Undisturbed temperature is assumed along the string.
The surface (test) pressure is chosen so that the maximum differential burst pressure on the string is a prescribed fraction of the API MIYP. Often this fraction is set equal to 0.7 (70% of the API MIYP). The surface test pressure is not simply 70% times the API MIYP for the reasons discussed below –
The test surface pressure must be selected such that the net burst load does not exceed 70% of MIYP at any point in the string.
Since differential burst load, and not simply internal pressure, determines the test pressure magnitude, and since the highest burst loads typically occur deeper in the string during a pressure test with single-phase test liquids, the test pressure magnitude is influenced by the assumed backup.
Backup pressure (the external pressure) for the pressure test load is discussed later. A higher backup pressure assumption such as setting mud weight results in a lower net load and a higher test pressure to achieve 70% MIYP. On the flip side, if a lower backup pressure is assumed or a higher internal mud weight is used, a lower test pressure achieves the 70% MIYP test basis.

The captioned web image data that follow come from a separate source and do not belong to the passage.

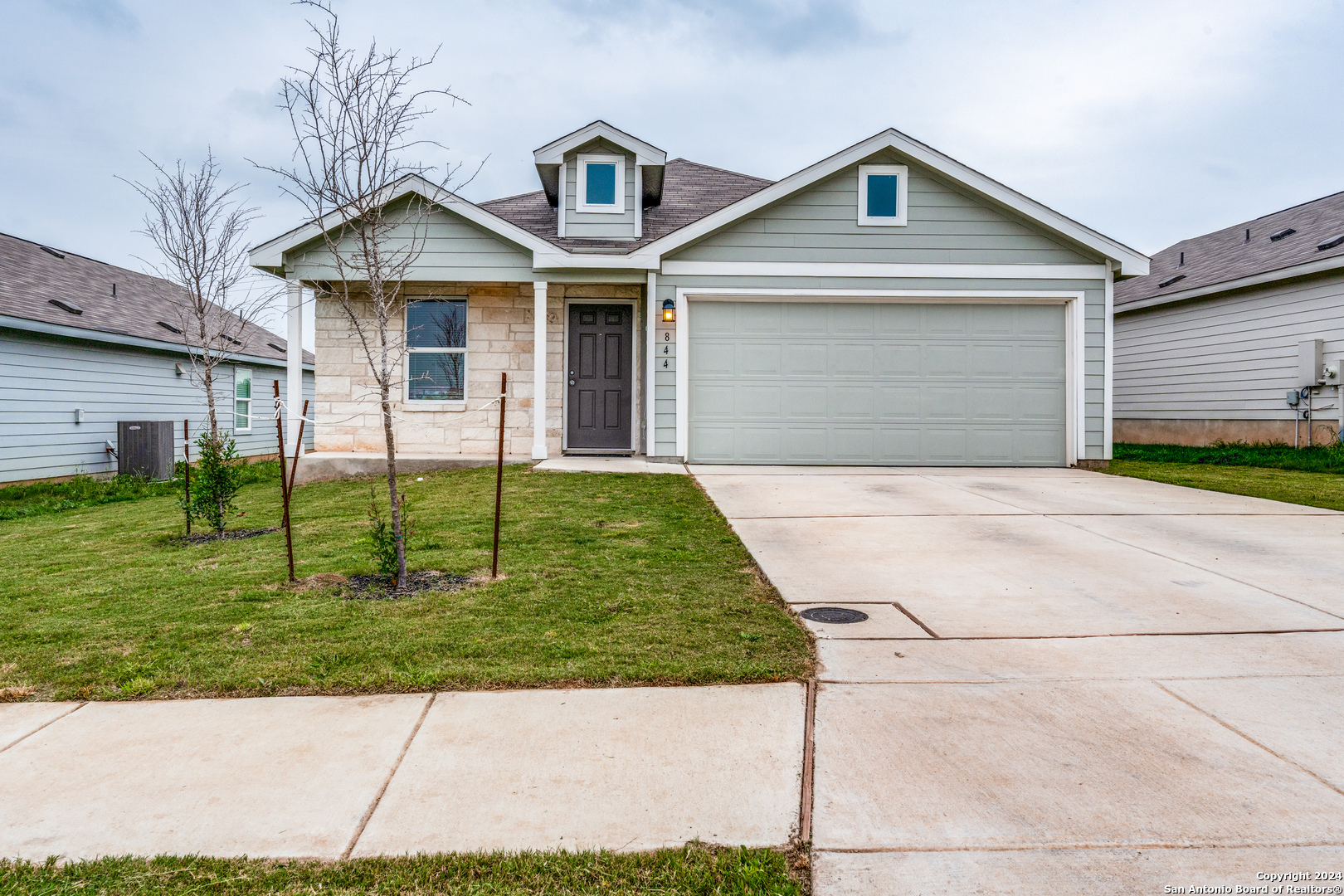 a front view of a house with a yard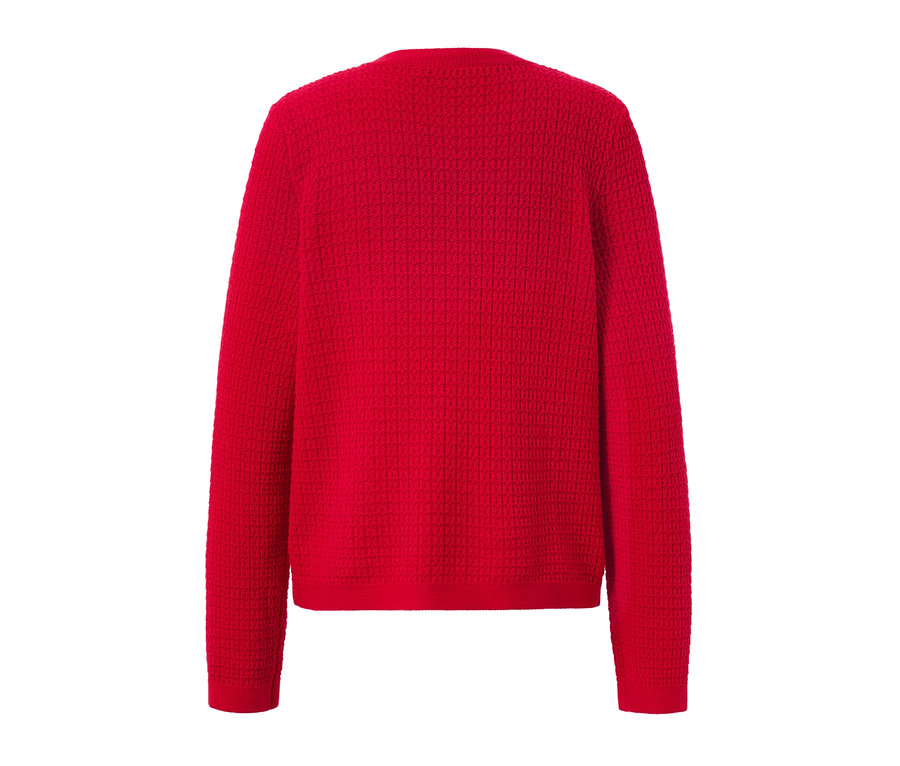 Vue détaillée d'un cardigan rouge en maille structurée.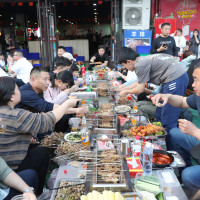 Customers eat skewers at Muyang Village Grill in Zibo, East China's Shandong province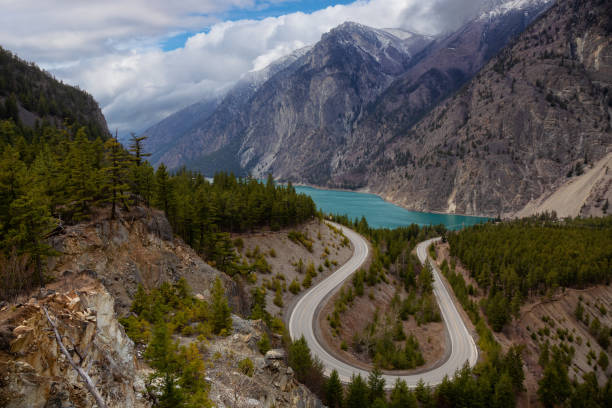 Scenic Road in the Canadian Mountain Landscape Aerial View of a Scenic Road in the Canadian Mountain Landscape during a cloudy springtime. Taken between Pemberton and Lillooet, BC, Canada. pemberton bc stock pictures, royalty-free photos & images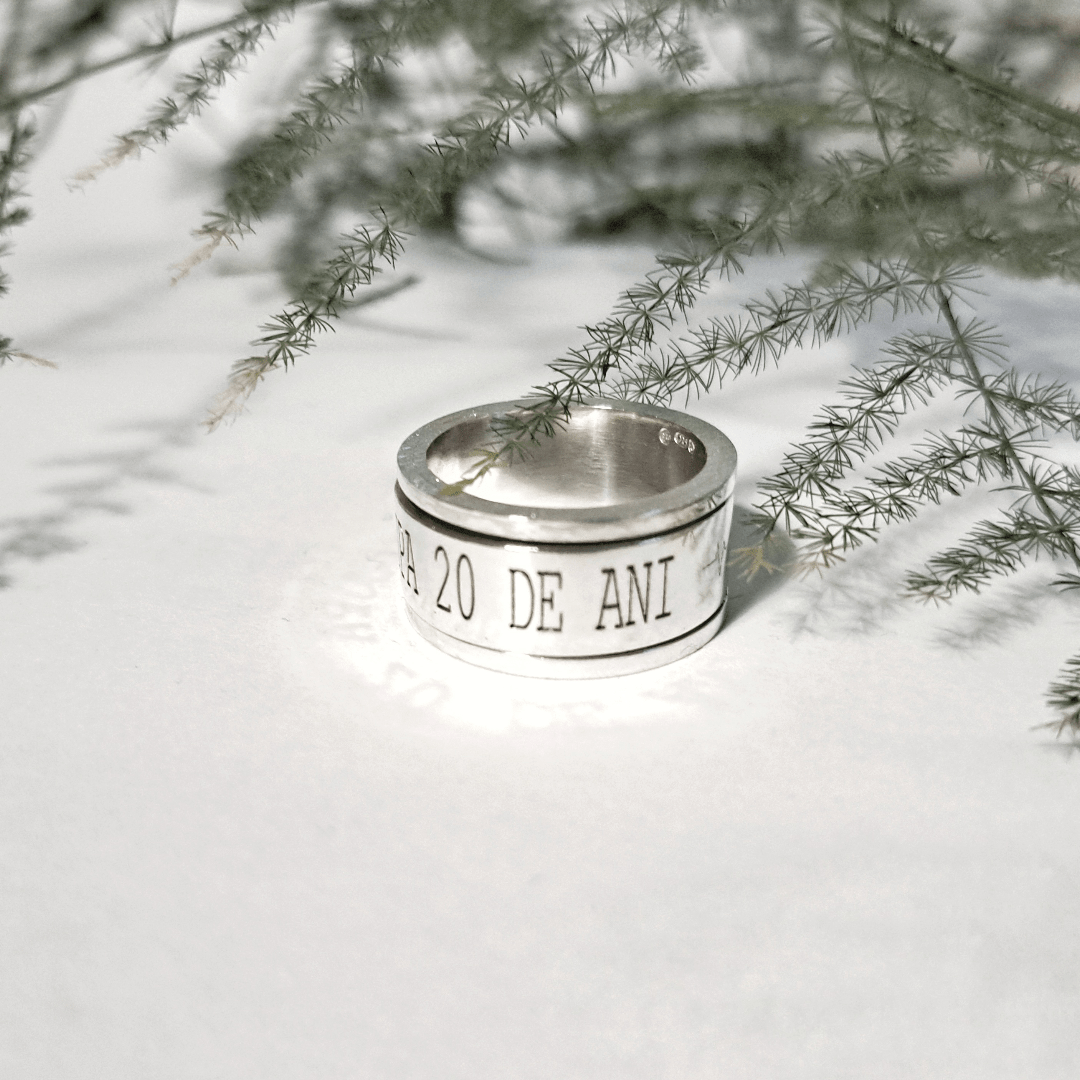 Top view of engraved recycled silver spinning ring showing custom text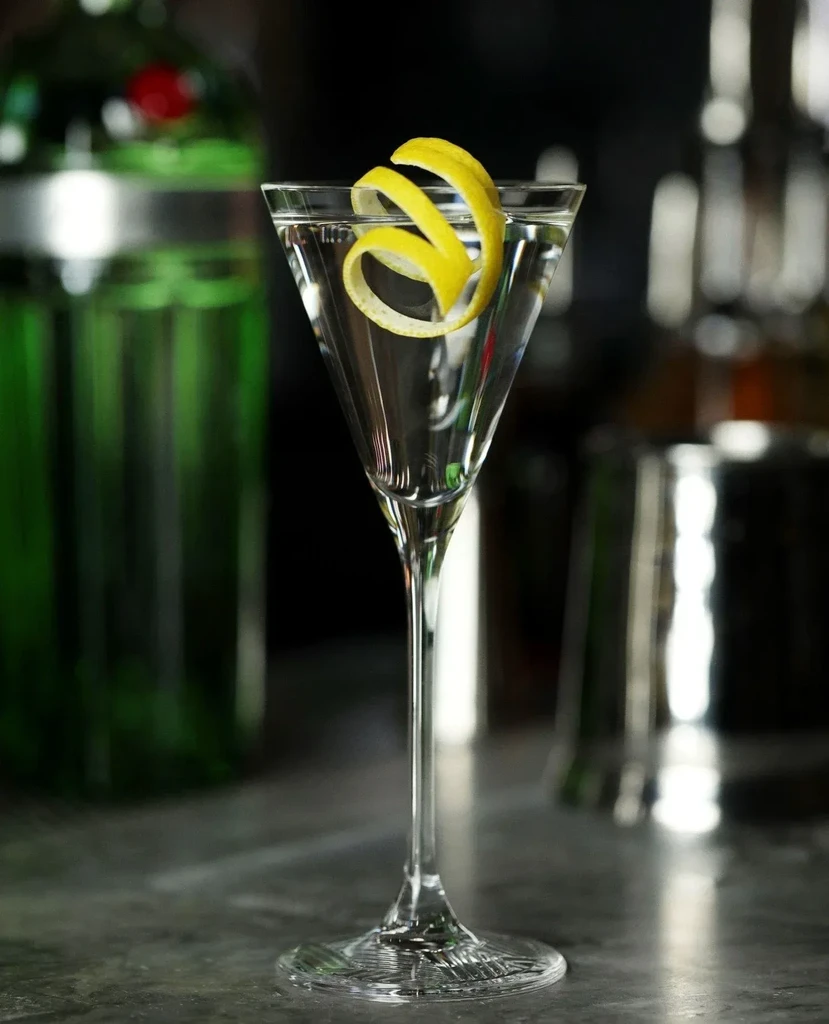 Martini glass with clear liquid and lemon peel on a bar.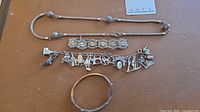 All four sterling silver jewellery pieces laid out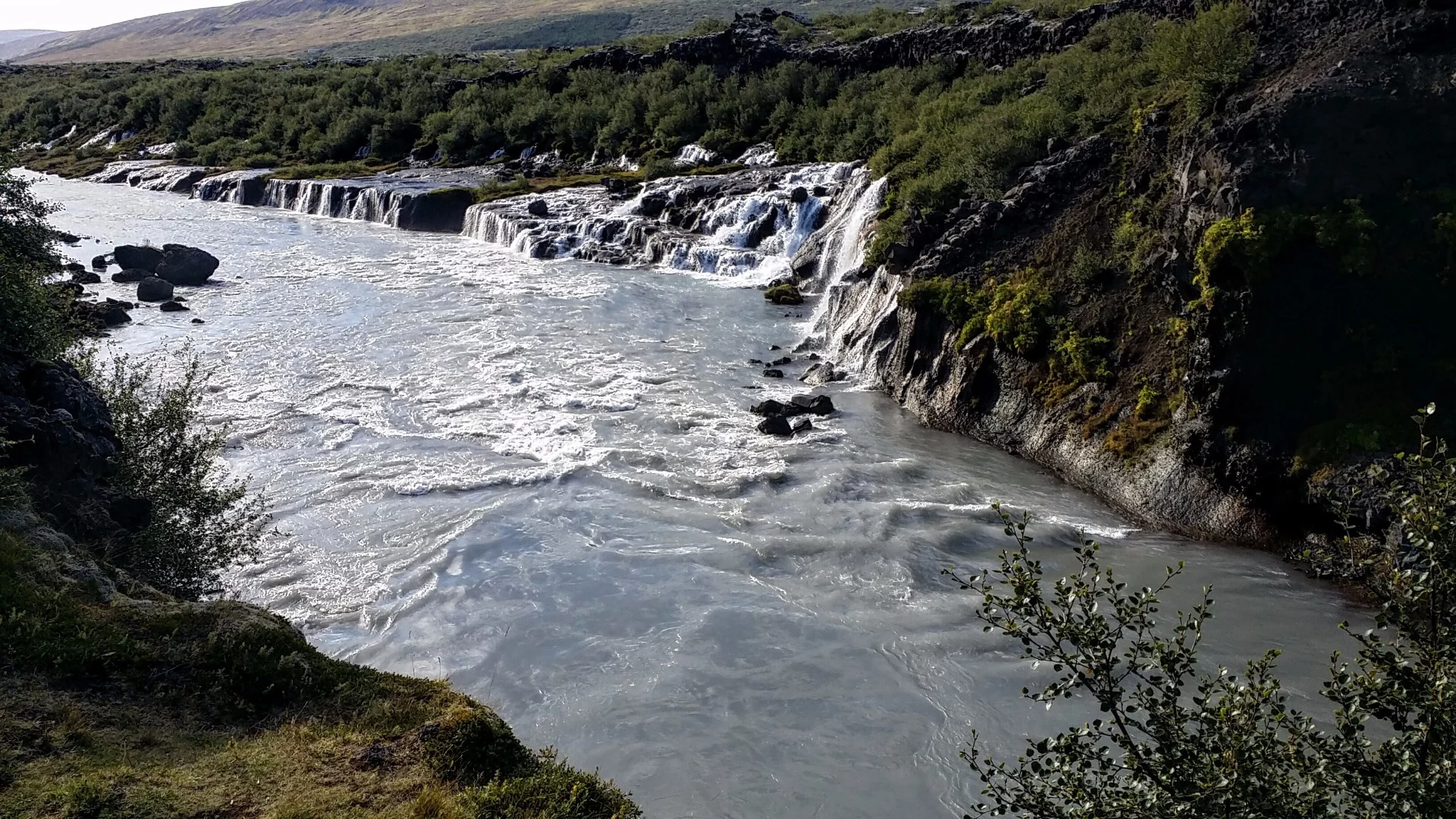 Speaking of porous volcanic rock, this image shows Hraunfossar waterfall, whose name comes from the Icelandic word for lava ("hraun"). The water here literally pours from the side of a riverbank as it flows from lava tubes created when one of the volcanoes lying under the glacier Langjökull erupted around 800 CE.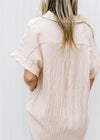 Back view of Model wearing a peach button up top with crinkle fabric and short sleeves with a cuff.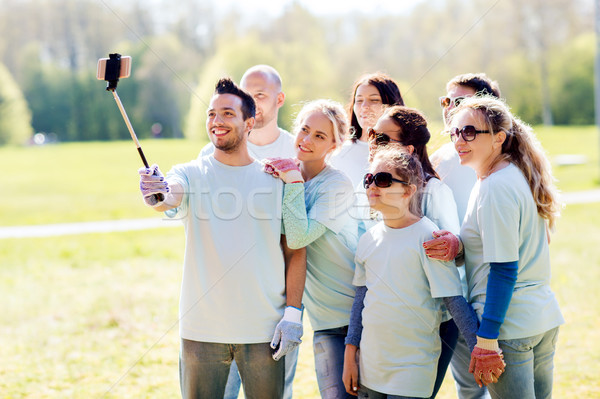 group of volunteers taking smartphone selfie Stock photo © dolgachov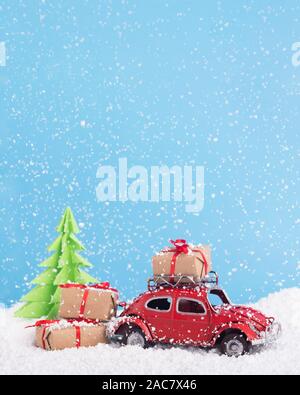 Retro car Volkswagen Beetle with presents and tree on snowy background Stock Photo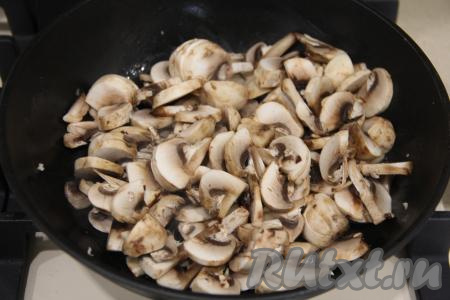 Промытые шампиньоны нарезать на пластинки (если вы готовите пирог с отваренными лесными грибами, тогда нарежьте их достаточно мелко), выложить в сковороду с растительным маслом и обжарить, иногда перемешивая, на среднем огне до готовности (в течение 15 минут), посолить, убрать с огня, дать грибочками остыть.
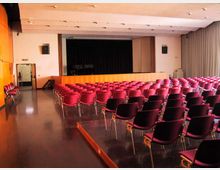 Sala auditorium con file di sedie rosse e nere rivolte verso un palco rialzato con sipario scuro. Pareti chiare con pannelli in legno, illuminazione a soffitto e uscita laterale sulla sinistra.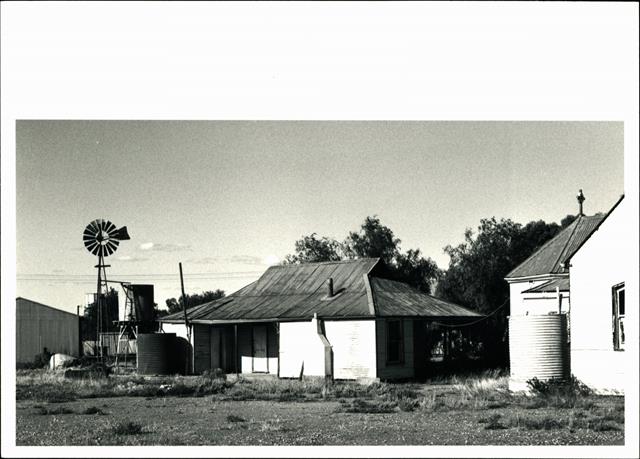 Angled front elevation of presbytery showing church apse on far right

If the casing string being tested is tapered or has a liner exposed, the test pressure must be designed to ensure the MIYP is not exceeded at any depth.
Methodology used to calculate surface pressure –
Calculate the surface pressure at each depth of interest using the following equation – ptest(z) = f × γwear × PAPIMIYP(z) × ftemp(z) + pe(z) − Cρiz where,
f = fraction of MIYP
γwear = wear factor
ftemp = temperature derating factor for yield strength
pe(z) = external pressure at the depth of interest, psi
Get the minimum of calculated ptest(z) along the pipe. This is the surface hydrostatic pressure that satisfies the (100×f)% of the MIYP of the pipe for the pressure test.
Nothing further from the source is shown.